American Revolution Notes: Radical or Moderate Essay
American Revolution Notes: Radical or Moderate
Some historians argue that the Revolution was solely aimed at achieving the limited goal of independence from Britain. There was a consensus among the Americans about keeping things as they were once the break from Britain had been accomplished The Revolution was inevitably viewed as a struggle of liberty versus tyranny between America and Britain. The Revolution was “radical in its character,” according to Bancroft, because it hastened the advance of human beings toward a millennium of “everlasting peace” and “universal brotherhood.” The imperial school believed that political and constitutional issues brought on the Revolution.
The Progressive historians held that the primary causes were social and economic. Gipson claimed the British were justified in taxing the Americas and tightening the Navigation Acts after 1763, because largely British blood and money had been expended in the “Great War for Empire,” 1754-1763 (French and Indian War). Carl L. Becker, Charles A. Beard, Arthur M. Schlesinger Sr., and J. Franklin Jameson stressed class conflict as well as insisted the political or constitutional ideas had an underlying economic basis. Disenchantment of the merchants with British rule, said Schlesinger, arose from the economic reverses they suffered as a result of the strict policy of imperial control enacted by the mother country after the French and Indian War.
The merchant class later became, in Schlesinger’s words, “a potent factor o the conservative counterrevolution that led to the establishment of the United States Constitution.” In the struggle between colonies and the mother country, the Americans emerged as the “conservatives” because they were trying to keep matters as they were before 1763. Daniel J. Boorsten argued that the revolution was conservative on the imperial as well as the local level because Americans were fighting to retain traditional rights and liberties granted to them under the British constitution.

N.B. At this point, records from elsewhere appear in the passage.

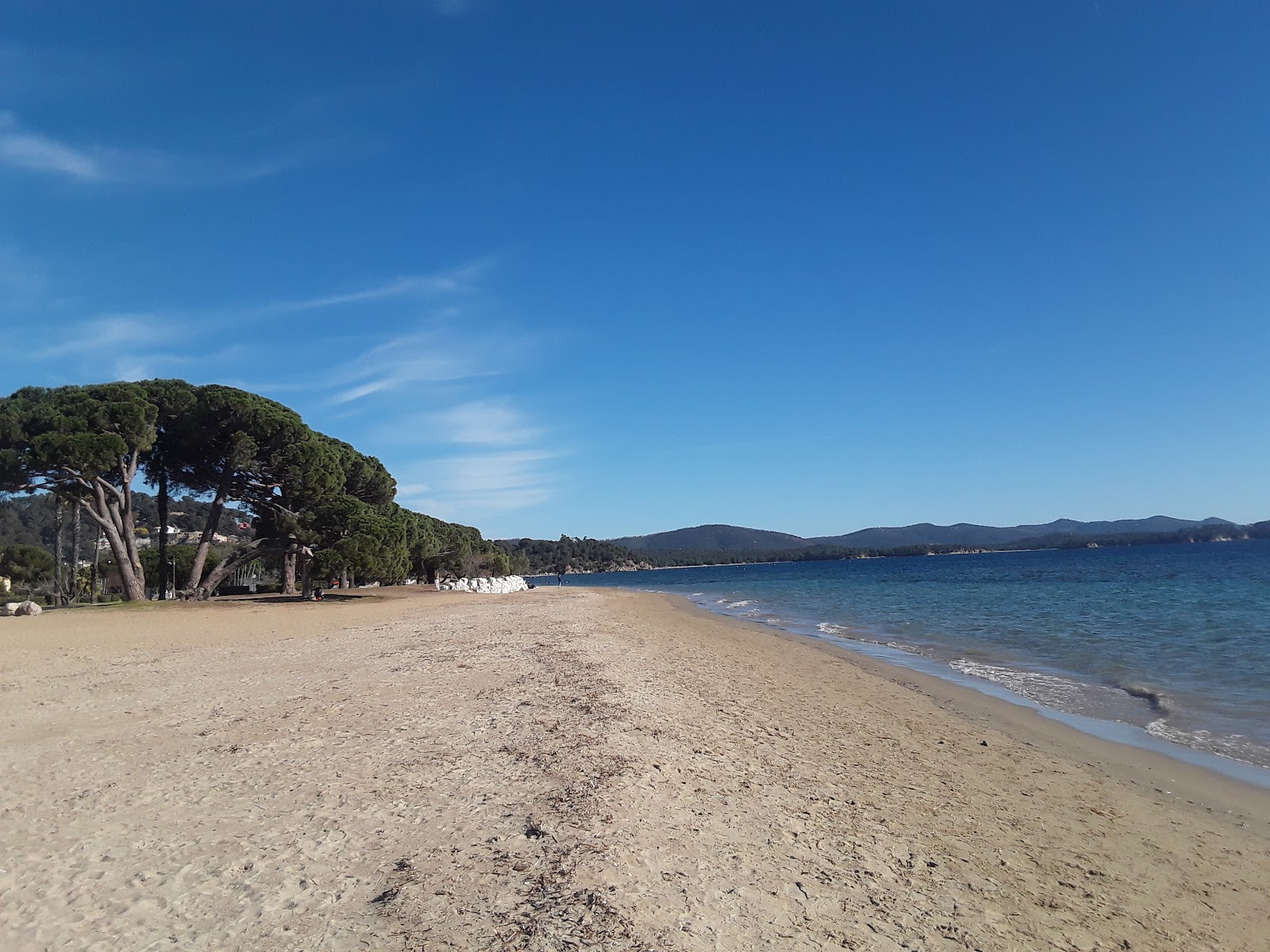 Foto av Plage de l'Argentiere och bosättningen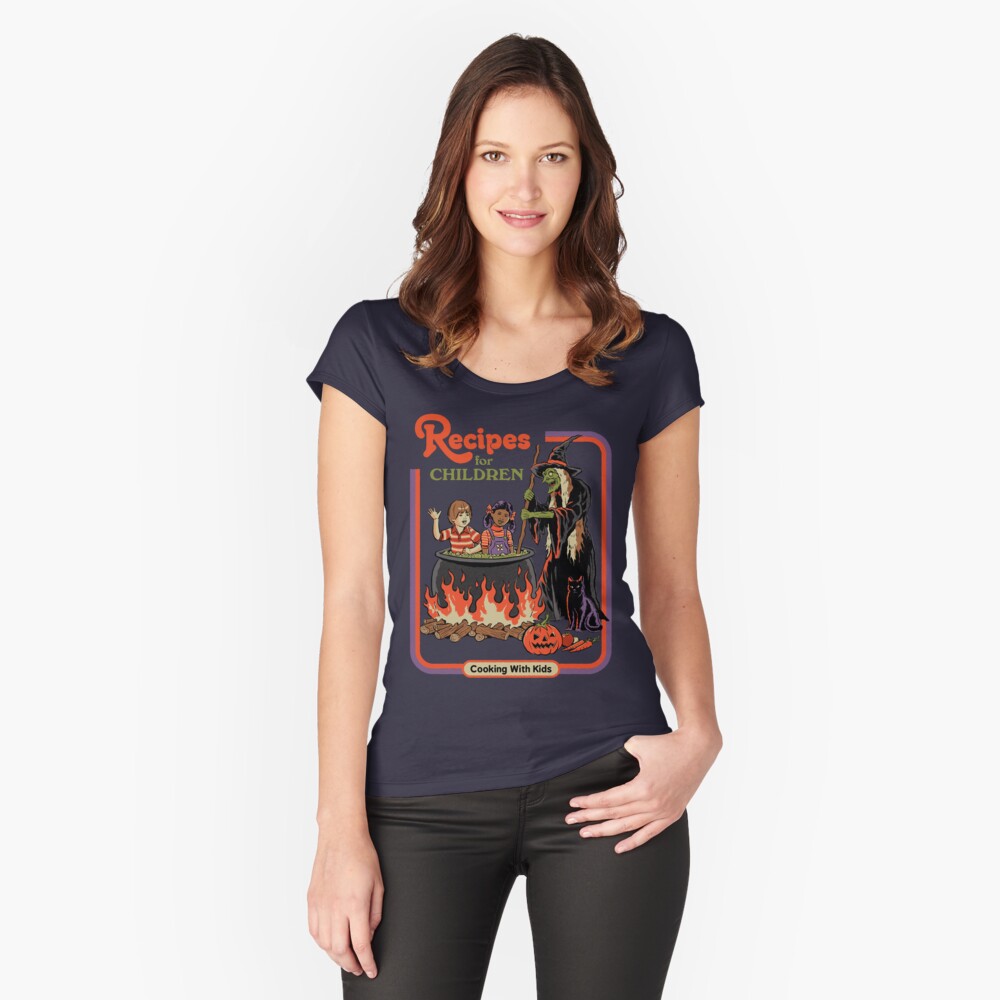 Aperçu de l'œuvre T-shirt échancré créée et vendue par stevenrhodes.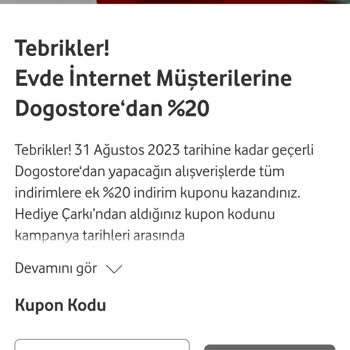 Vodafone Hediye Çarkı ve Olmayan Hediye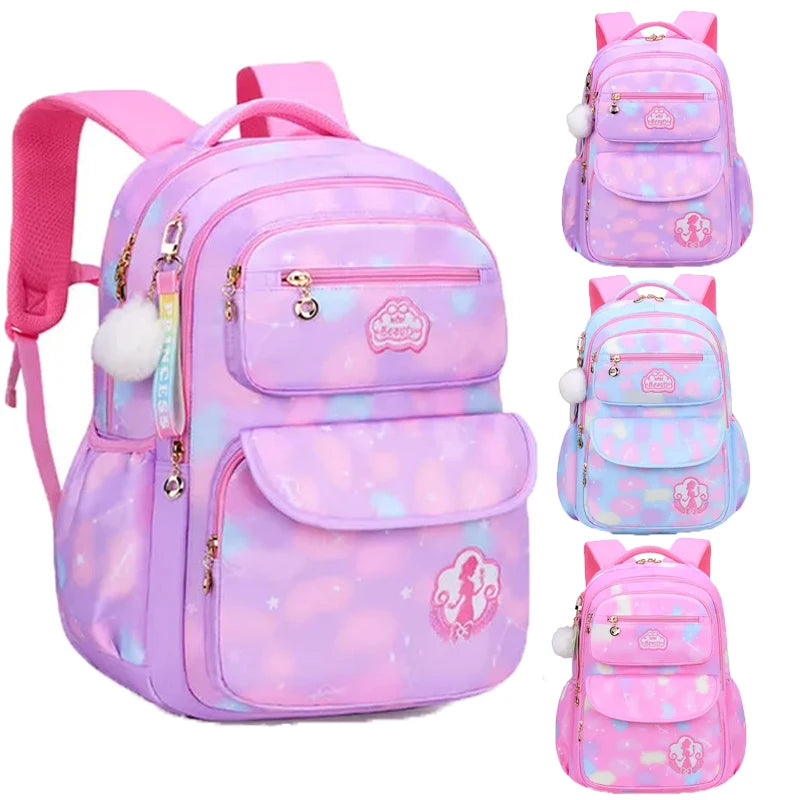 Teenage Girls School Bag Children Backpack Class Child Kids Back Pack Kawaii Bagpack Cute Women Rucksack Female Bolsas Portfolio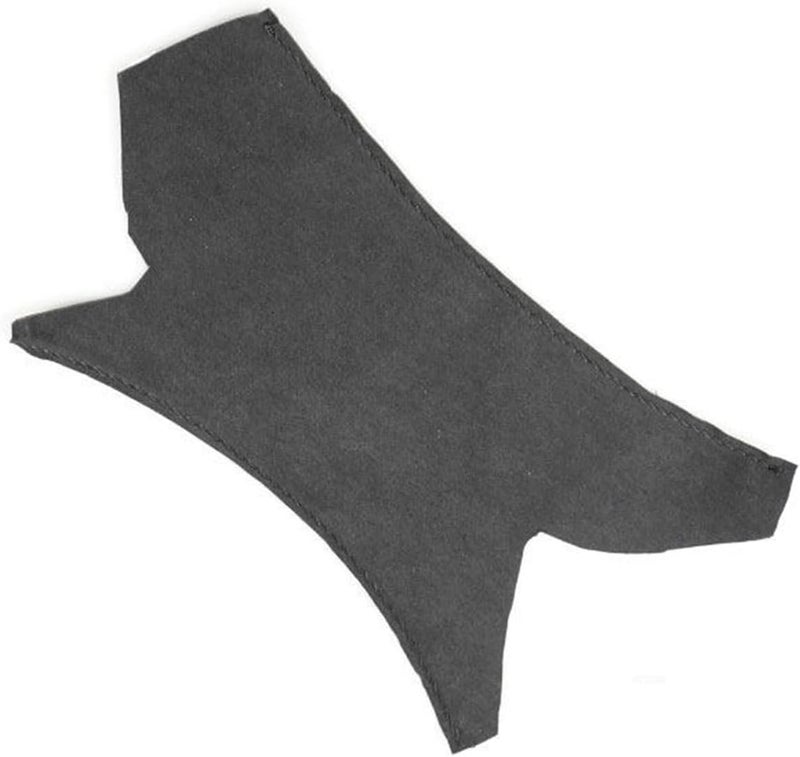 QASULER Suede Leather Door Handle Cover for 3 Series - Image 1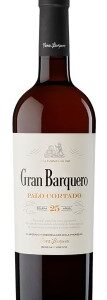 gran barquero palo cortado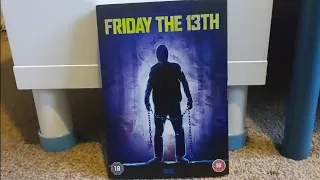 Friday The 13th DVD Unboxing/Review! (UK)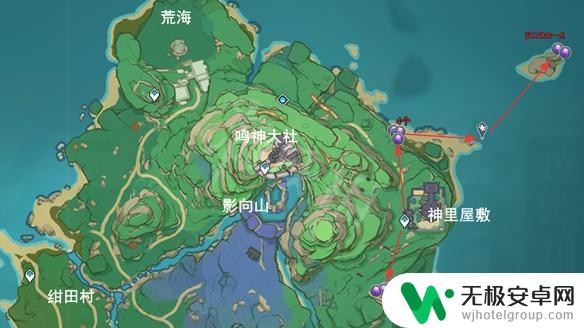 原神紫晶片收集攻略 《原神》紫晶块采集路线攻略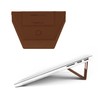 FoldStand Laptop Stand, Ultra-thin, Ultra Lightweight, Paste and Heat Disbursement,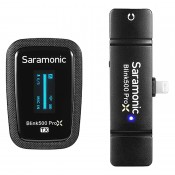 Saramonic Blink 500 ProX B3 wireless til iPhone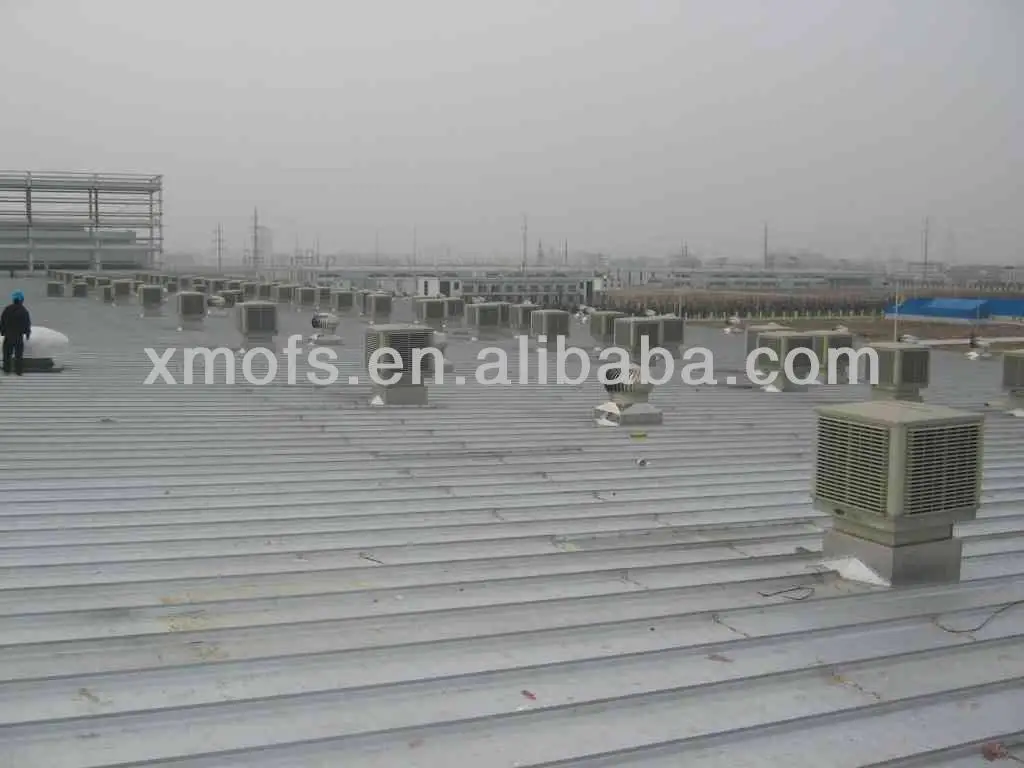 Evaporative Air Cooler, 1.1~3.0kw, Duct air cooler - detail 12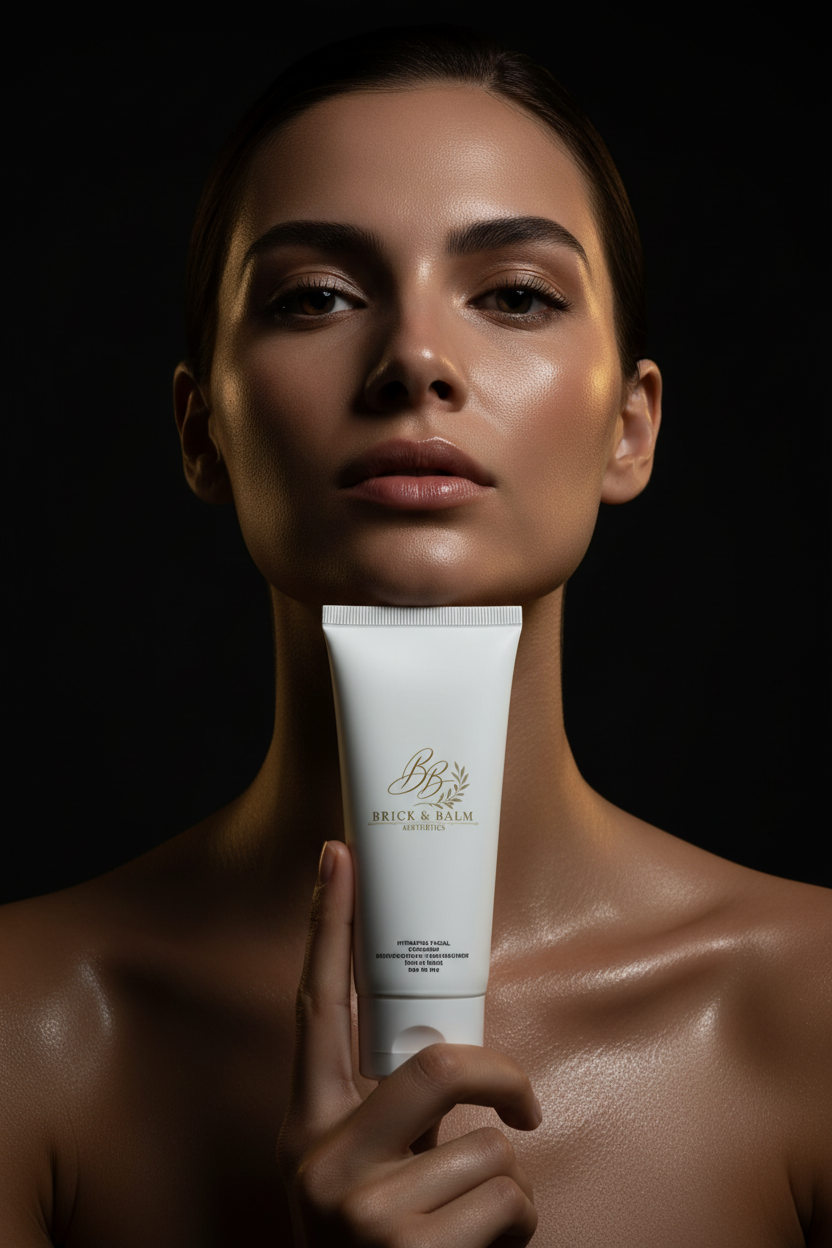 Hydrating Facial Cleanser Model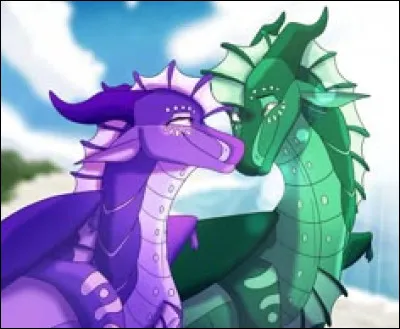 Parmi ces Ailes de Mer, lequel n'est pas allé à la Montagne de Jade ?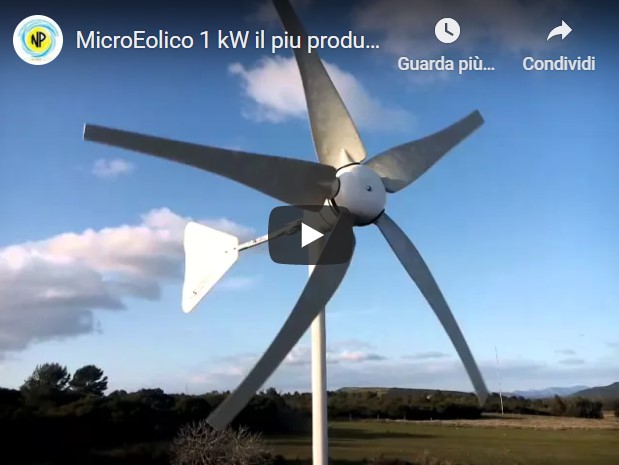 Microeolico: guida alla scelta del kit, prezzi e cose da sapere Microeolico: guida alla scelta del kit, prezzi e cose da sapere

In refusing to accept the principle of no taxation without representation, Boorstin wrote, the patriots were insisting upon an old liberty, not a new right. The colonists, according to Bailyn, were convinced that there was a sinister plot against liberty in both England and America. Americans believed the conspiracy had succeeded in England and that America represented the last bastion or the defense of English liberties and the freedom of all mankind. Bailyn took issue with the Progressive historians who declared that the patriot leaders were indulging in mere rhetoric when they employed such words as conspiracy, corruption, and slavery.
The colonists meant what they said; the fear of conspiracy against constitutional authority was built into the very structure of politics, and these words represented “real fears, real anxieties, [and] a sense of real danger.” Nash concluded that social changes had turned these seaport communities into “crucibles of revolutionary agitation.” The increasing poverty and the narrowing of economic opportunities resulted in resentment and rising class consciousness among segments of the artisan class. Some [New Left Historians] pictured the Revolution as a social movement – an internal struggle within the colonies – caused in part by class antagonism.
Gross’s conclusion was conservative – that the townspeople had gone to war not to promise social change, but to stop it. Some of the new social historians suggested the Americans may have been caught up in a serious identity crisis as a people on the eve of the Revolution. Such historians saw Americans as profoundly conflicted toward the mother country. To Shy, the war was not an instrument of policy or a sequence of military operations solely, but rather a social process of education.
The Radicalism of the American Revolution, by Gordon Wood, suggests that the Revolution ushered in a new American no longer hampered by habits of deference, feelings of inferiority, or hesitation about economic advancement. Wood, like Bailyn before him, insisted on the Revolution’s radical transformation of ideas of property, work, and the self. Property no longer meant simply land; it also meant personal wealth “dynamic, fluid, an evanescent… which,” claimed, unlike land “could not create personal authority or identity.” Work, not leisure, suddenly defined Americans, and most important, the Revolution gave Americans a sense of equality and “self-worth.”
This repudiation explains the overdetermined nature of the outraged response to Great Britain’s provocative policies in the years before the Revolution. They [Americans] felt the sting not only of extra taxes and burdens of maintaining the British military presence, but also the humiliation of rejection from participation in an Englishness they believed they shared.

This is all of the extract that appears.